What to produce → Output all of the data exactly, keeping any images out of the copy.

Data supplied →
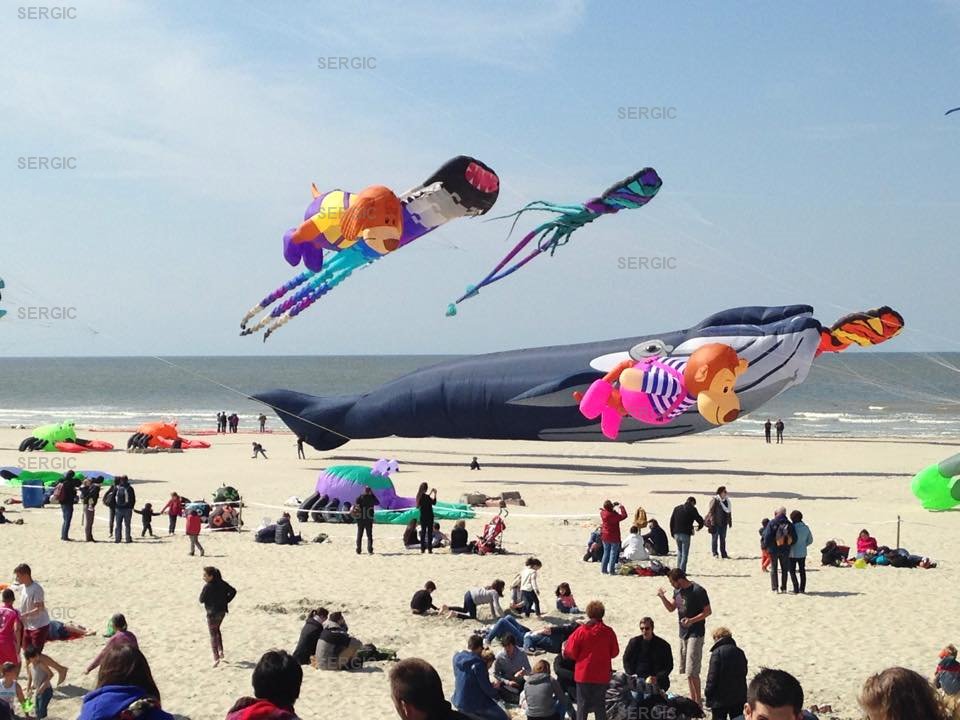 /picture/helios/116260001/APOLLO 301/9_2026-02-09CET16h00-06.jpg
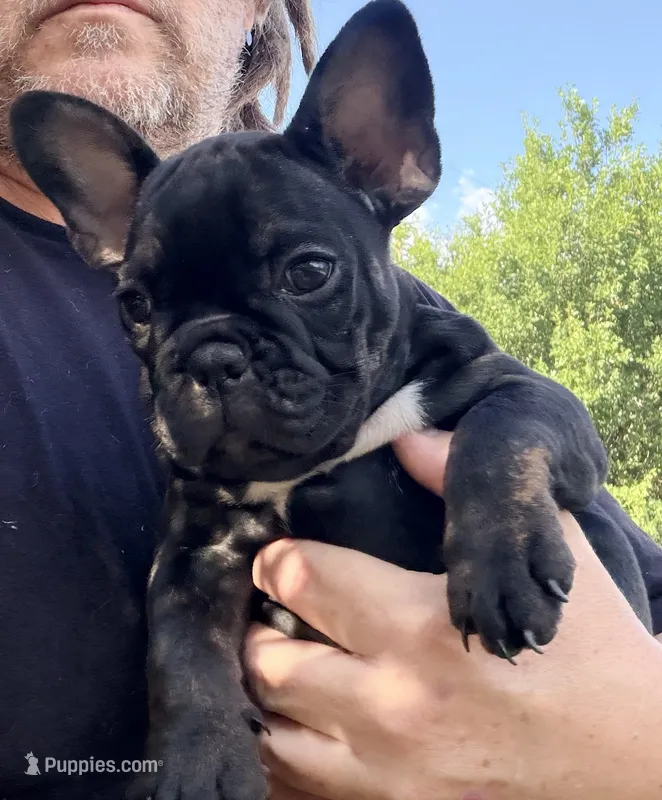 Matilda – French Bulldog puppy for sale in Oklahoma City, OK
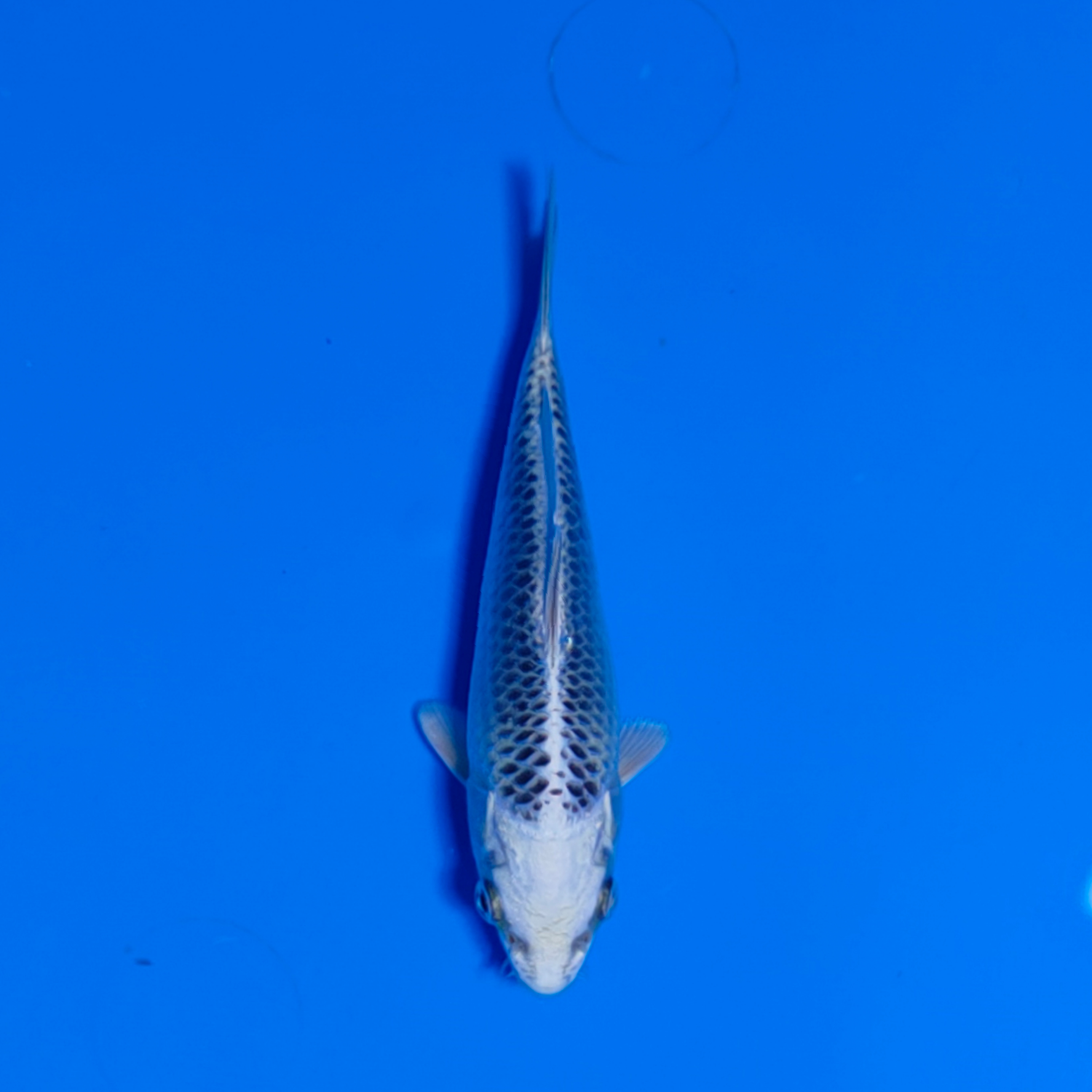 Best In Size E 13-15 Cm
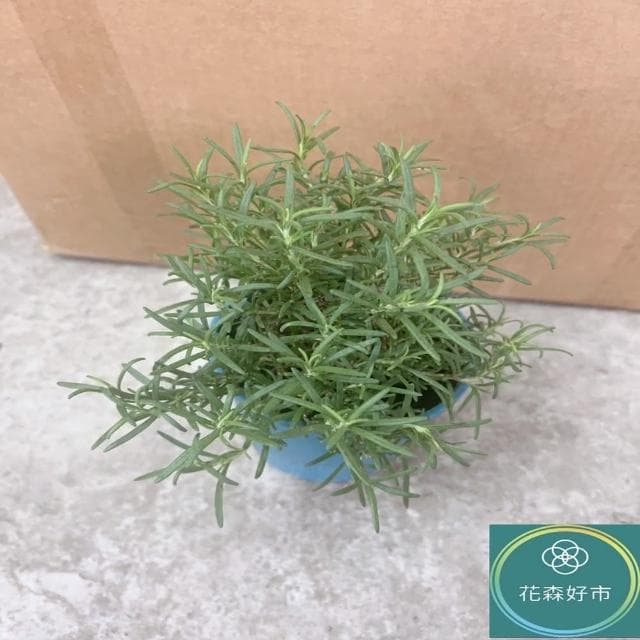 【花森好市】直立迷迭香(香草植物 盆栽 神聖之草 香氣)
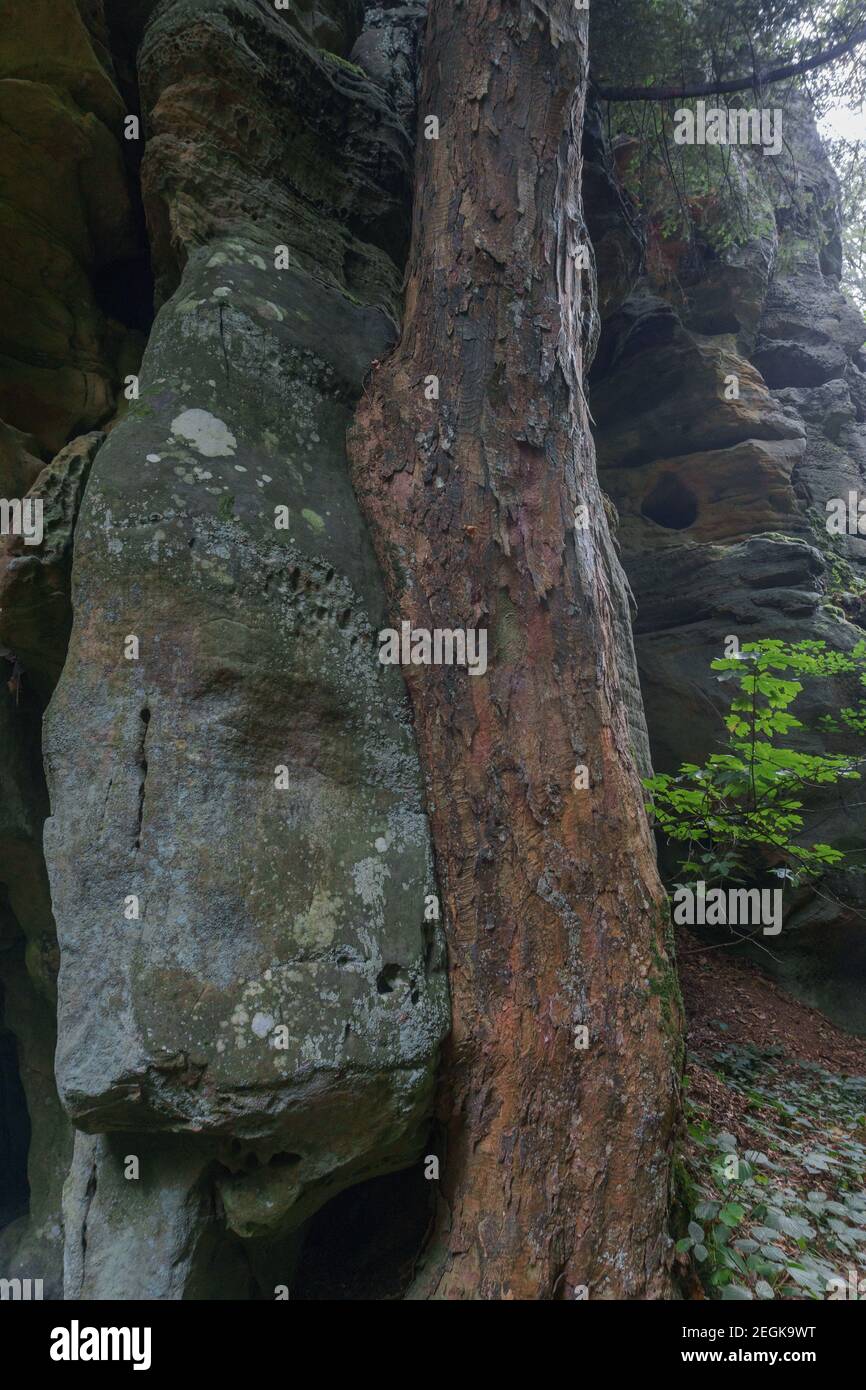 Starker Baumstamm, der über Felsen wächst Stockfoto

Output of the exercise →
 /picture/helios/116260001/APOLLO 301/9_2026-02-09CET16h00-06.jpg
 Matilda – French Bulldog puppy for sale in Oklahoma City, OK
 Best In Size E 13-15 Cm
 【花森好市】直立迷迭香(香草植物 盆栽 神聖之草 香氣)
 Starker Baumstamm, der über Felsen wächst Stockfoto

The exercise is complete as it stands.